Per capita, carcass consumption in China has multiplied six-fold over the past 40 years, from an average of 20 kg (44 pounds) per capita in 1980, to 52 kg (114 pounds) in 2007. In 2011, the Chinese consumed 75 mt (165 billion lb) of pig, chicken, cow, sheep, and goat carcass, and 64 mt (141 billion lb) of cow's milk and eggs. Pig carcass has been the main component of total flesh consumption, and constituted 54% of total animal flesh intake, 80% of red carcass intake, and 99% of fatty red meat intake in 2011.(530)
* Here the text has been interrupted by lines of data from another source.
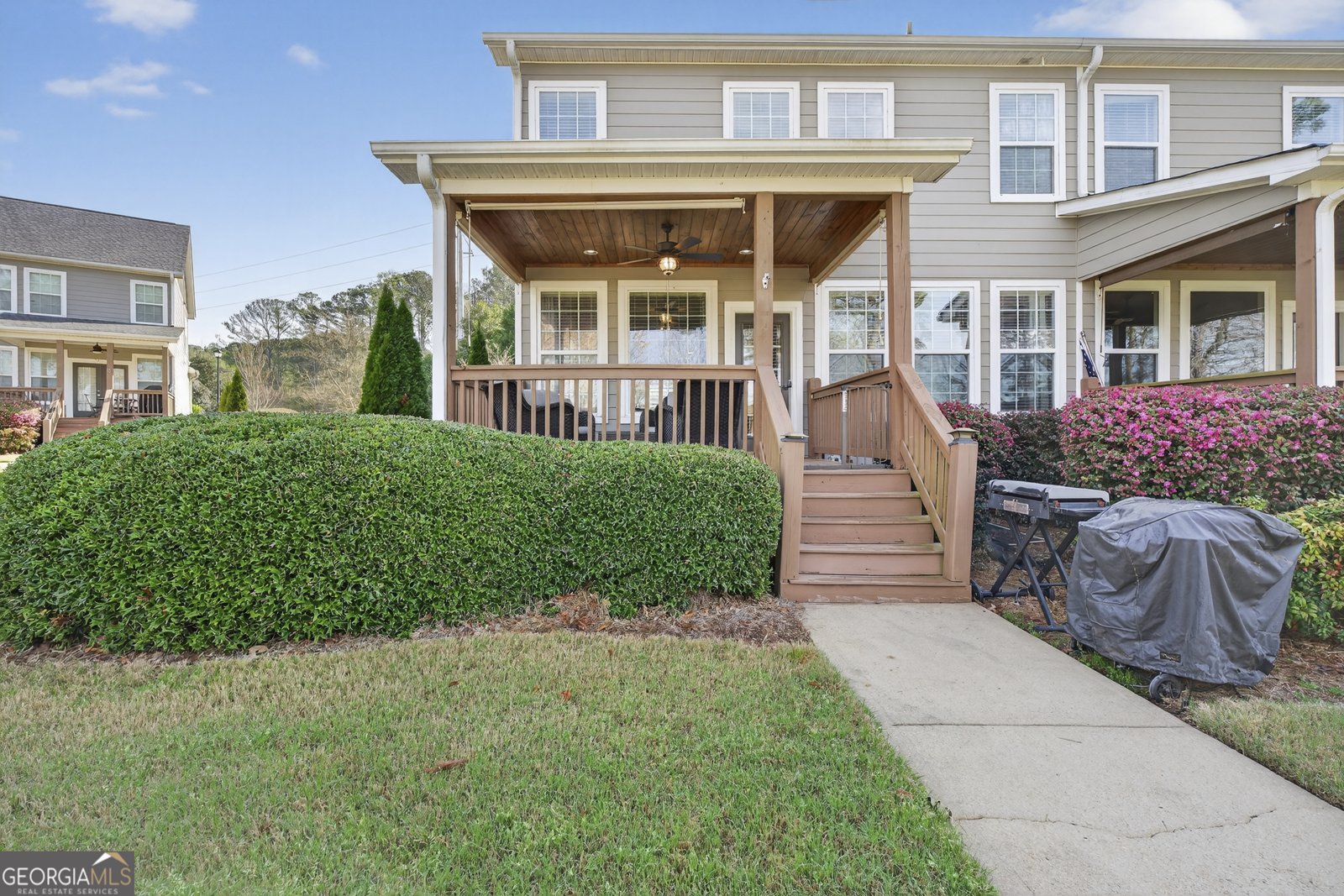 549 Old Phoenix Road Eatonton - Photo 49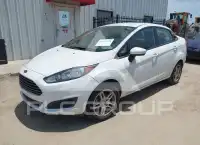 2017 Ford FIESTA photo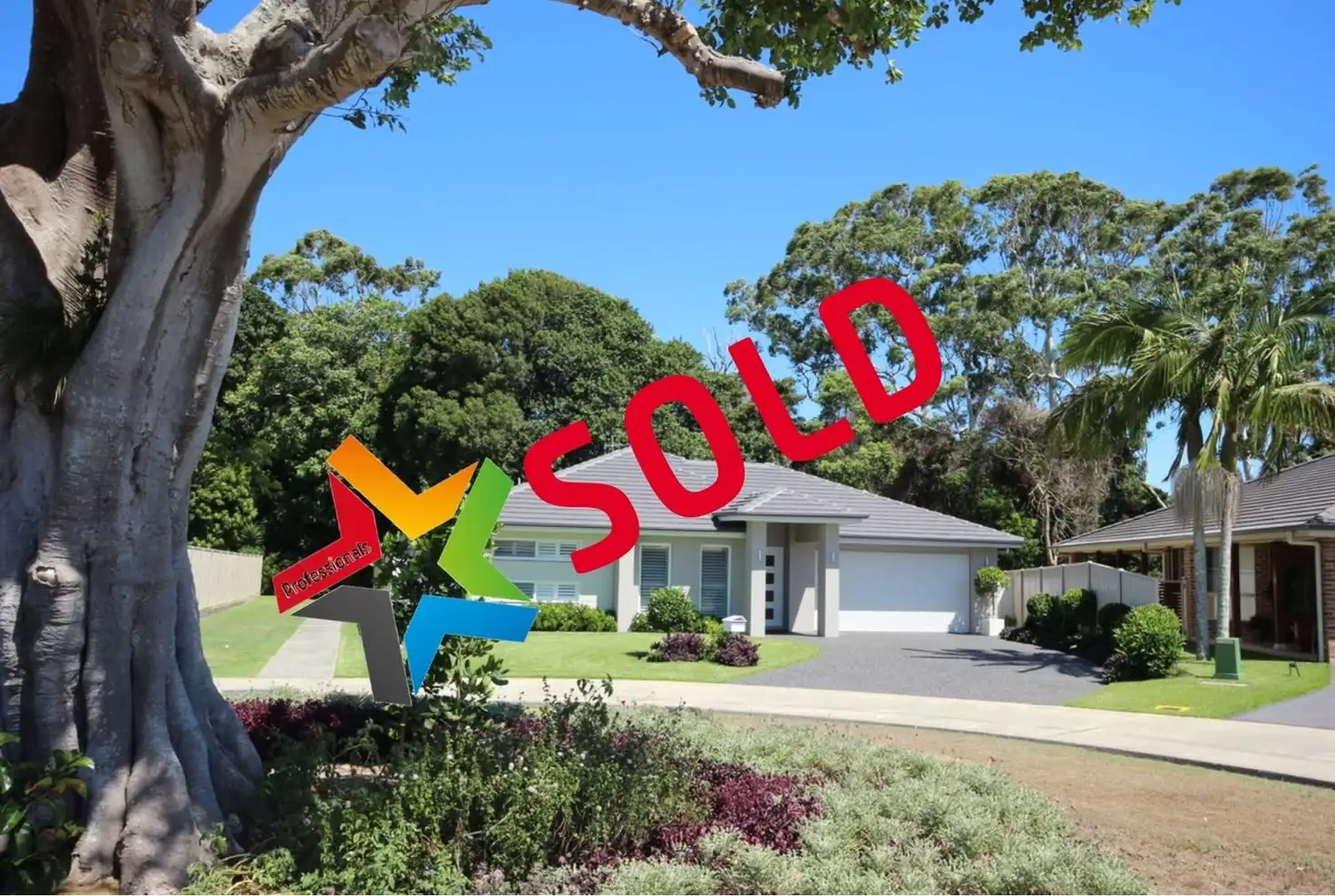 Main view of Homely house listing, 23 Fig Tree Court, Forster NSW 2428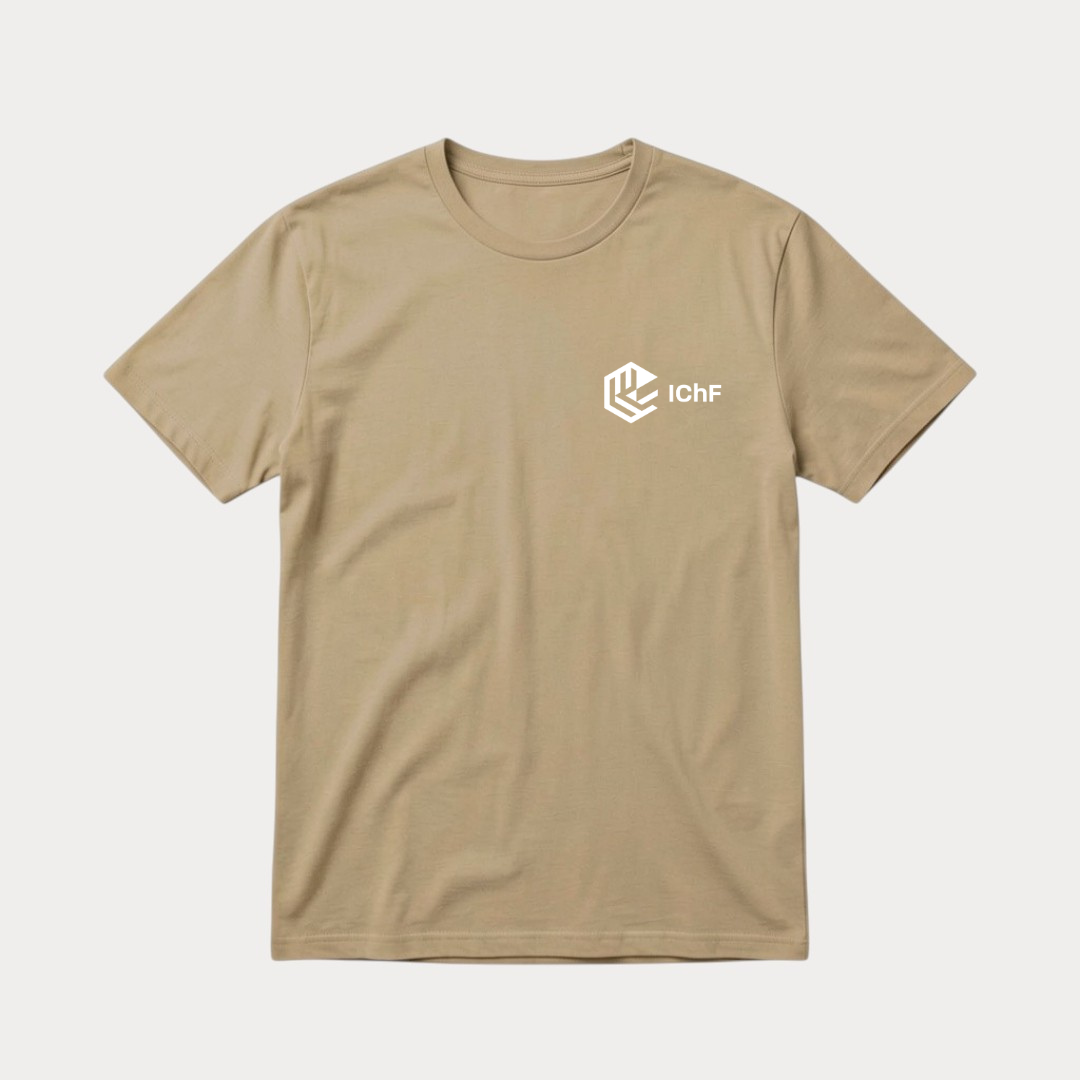 T-Shirt ICHF PAN Warszawa - obrazek 8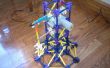 K'Nex Pokemon Autowalker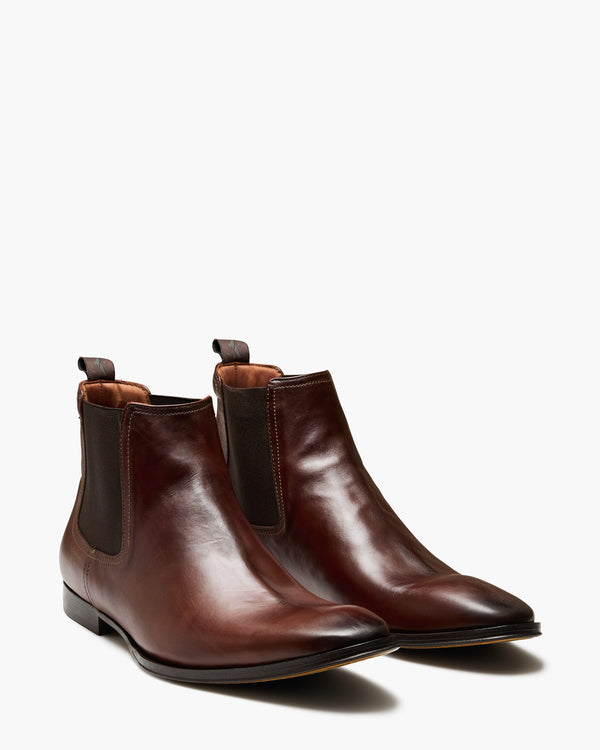Osbourne 2.0 T.D.Moro Chelsea Boots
In 2011, the proportion of Chinese adults who consumed red meat surged from 65% in 1991 to 86%, while chicken consumption soared up from 7 to 21%, and seafood from 27 to 38%. In 2011, the average intake of red meat was 86 g (3 oz) a day; for chicken it was 71 g (2.5 oz) day; and seafood was 70g (2.5 oz) a day. In India, animal consumption has grown by 40% in the last 15 years, though it is still 40 times less than average consumption in the UK.(531)
Every week, the average person in the UK eats 1.6 kg (3.5 lbs) of animal carcass and 4.2 liters (1.1 gal) of cow's milk. This is equivalent to 6 pig sausages, or 450g (16 oz); 2 chicken breasts, or 350g (12 oz); 4 ham sandwiches from pig, or 100g (3.5 oz); 8 slices of bacon from pig, or 250g (9 oz); 3 burgers from cow, or 450g (16 oz); 3 liters (0.8 gal) of cow's milk; 100g (3.5 oz) of cheese; and a portion of cream.(532) For the entire year of 2011, each UK resident ate an average of 82 kilograms (180.7 pounds) of carcass, equivalent to 1,400 pig sausages, or nearly 4 a day. What’s more, chicken consumption in the UK has doubled from 1987 to 2007.(533)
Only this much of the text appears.